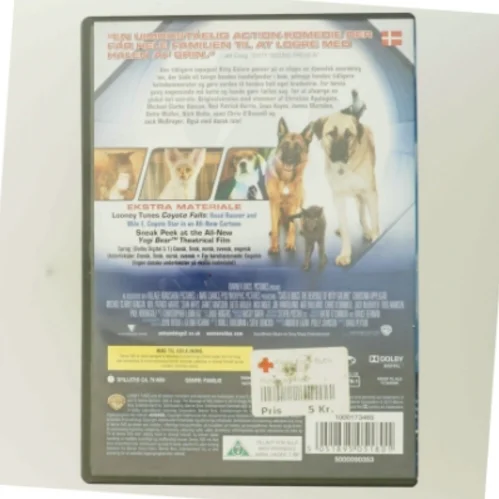 HUND OG KAT IMELLEM, KITTY 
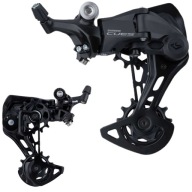 Shimano Cues Rd-U4000 Задній Перемикач 9 Швидкостей Shadow Mtb Trekking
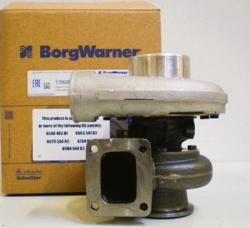 Turbo pour JOHN-DEERE 1997-06 agricole 6081H  - Ref. fabricant 178086 - Turbo Garrett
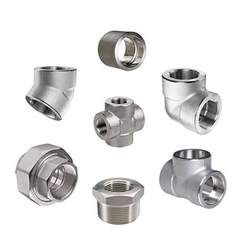 INCONEL THREADED FITTING
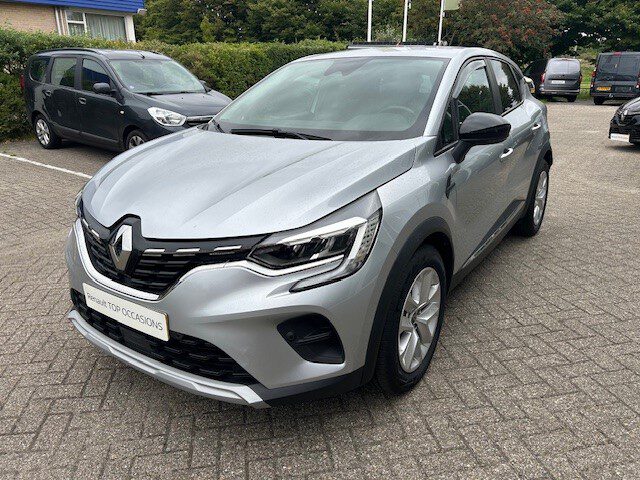 Renault Captur 1.0 TCe 100 Bi-Fuel Zen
---+---
TASK DETAILS:
Only text belongs in the copy: repeat each line of the data exactly and leave out the pictures.

RESULT BELOW:
 HUND OG KAT IMELLEM, KITTY 
 Shimano Cues Rd-U4000 Задній Перемикач 9 Швидкостей Shadow Mtb Trekking
 Turbo pour JOHN-DEERE 1997-06 agricole 6081H  - Ref. fabricant 178086 - Turbo Garrett
 INCONEL THREADED FITTING
 Renault Captur 1.0 TCe 100 Bi-Fuel Zen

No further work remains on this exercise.